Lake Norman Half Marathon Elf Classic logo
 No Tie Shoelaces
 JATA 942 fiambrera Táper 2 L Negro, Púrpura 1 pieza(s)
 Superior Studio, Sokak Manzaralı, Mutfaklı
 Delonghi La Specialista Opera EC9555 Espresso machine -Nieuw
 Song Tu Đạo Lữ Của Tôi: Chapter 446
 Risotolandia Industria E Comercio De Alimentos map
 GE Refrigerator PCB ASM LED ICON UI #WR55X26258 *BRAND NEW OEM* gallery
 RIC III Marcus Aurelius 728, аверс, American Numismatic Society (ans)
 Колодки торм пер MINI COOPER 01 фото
════════════════════
• Prompt: Please give the listing again exactly, line for line.

• Response area:
Lake Norman Half Marathon Elf Classic logo
 No Tie Shoelaces
 JATA 942 fiambrera Táper 2 L Negro, Púrpura 1 pieza(s)
 Superior Studio, Sokak Manzaralı, Mutfaklı
 Delonghi La Specialista Opera EC9555 Espresso machine -Nieuw
 Song Tu Đạo Lữ Của Tôi: Chapter 446
 Risotolandia Industria E Comercio De Alimentos map
 GE Refrigerator PCB ASM LED ICON UI #WR55X26258 *BRAND NEW OEM* gallery
 RIC III Marcus Aurelius 728, аверс, American Numismatic Society (ans)
 Колодки торм пер MINI COOPER 01 фото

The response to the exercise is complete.